YOUR INSTRUCTIONS:
Beginning with the line that contains "Apollo, a German", retype the entries below exactly, ending with the line that contains "汪小菲大婚當(dāng)晚 S媽連發(f". Leave out any pictures.

THE DATA:
== Segment start ==

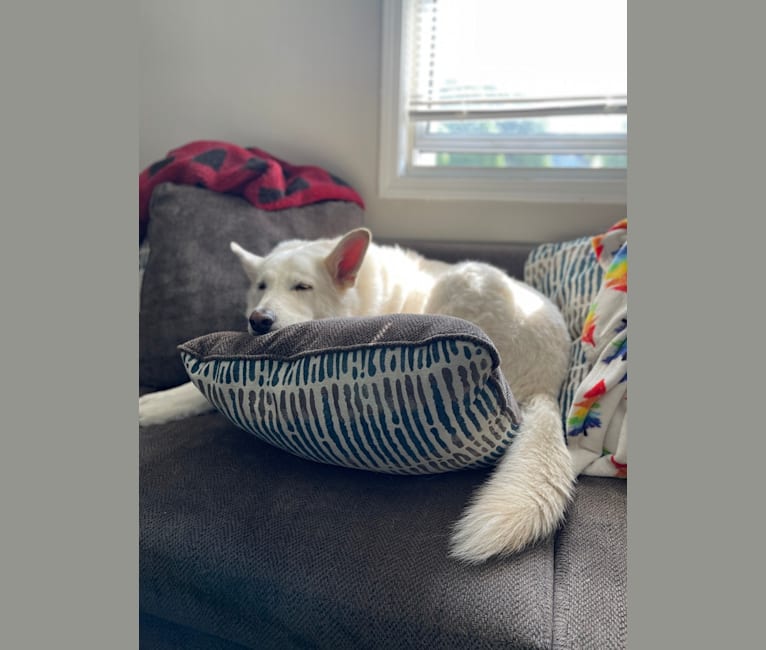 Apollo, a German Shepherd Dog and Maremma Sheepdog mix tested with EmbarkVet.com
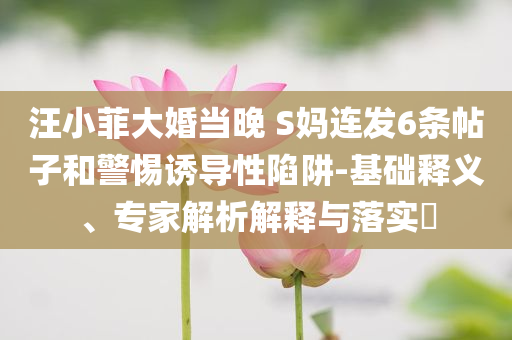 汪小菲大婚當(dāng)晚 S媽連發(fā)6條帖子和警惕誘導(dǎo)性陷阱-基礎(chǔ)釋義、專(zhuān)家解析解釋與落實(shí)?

== Segment end ==
== Segment start ==

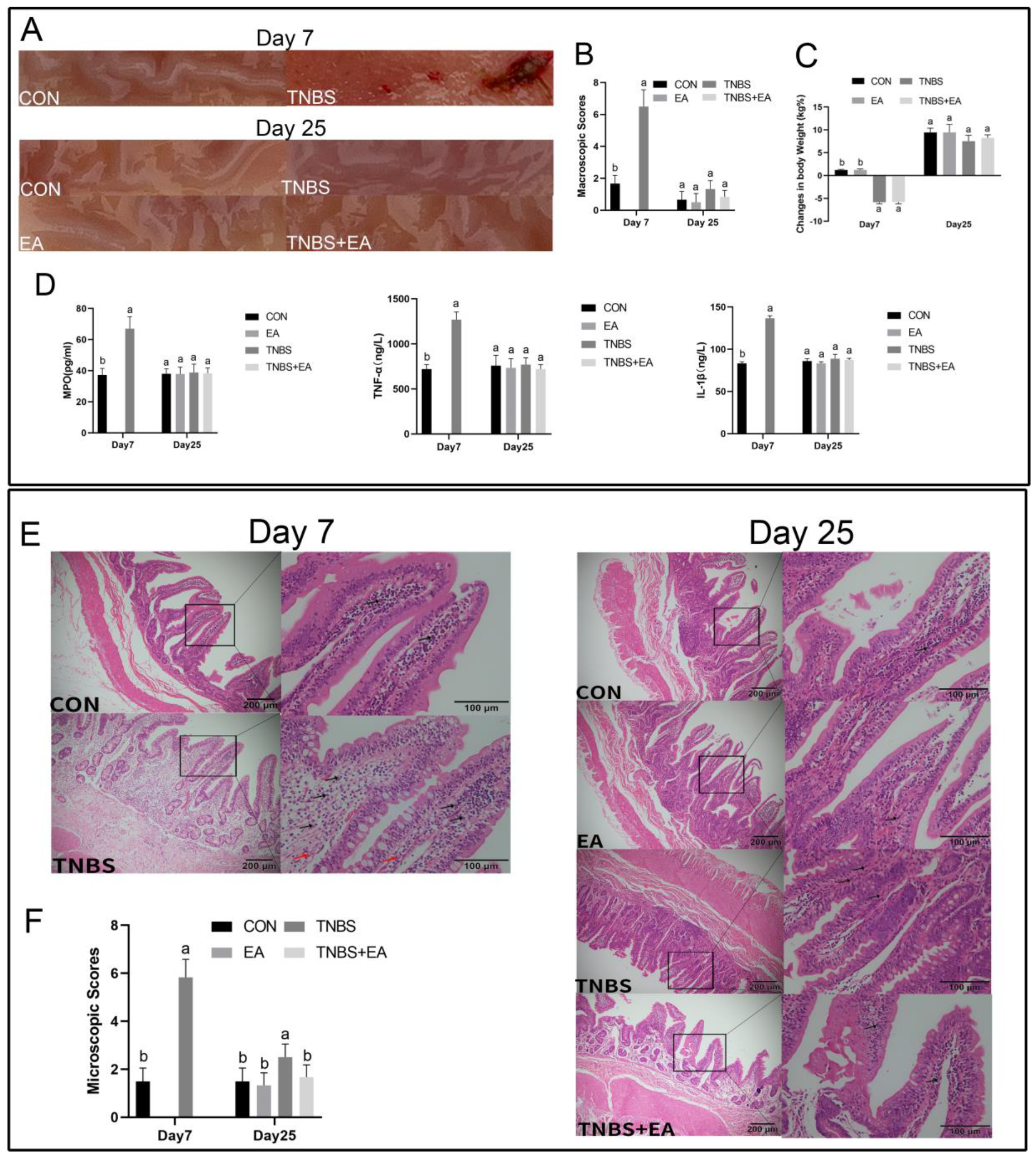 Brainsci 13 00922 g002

== Segment end ==
== Segment start ==

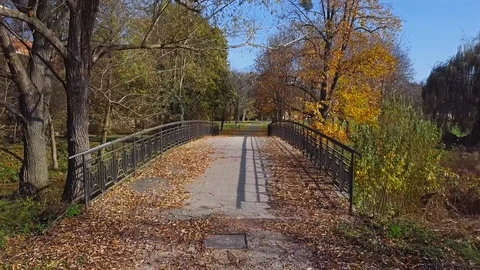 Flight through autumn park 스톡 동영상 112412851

== Segment end ==

ANSWER BELOW:
 Apollo, a German Shepherd Dog and Maremma Sheepdog mix tested with EmbarkVet.com
 汪小菲大婚當(dāng)晚 S媽連發(fā)6條帖子和警惕誘導(dǎo)性陷阱-基礎(chǔ)釋義、專(zhuān)家解析解釋與落實(shí)?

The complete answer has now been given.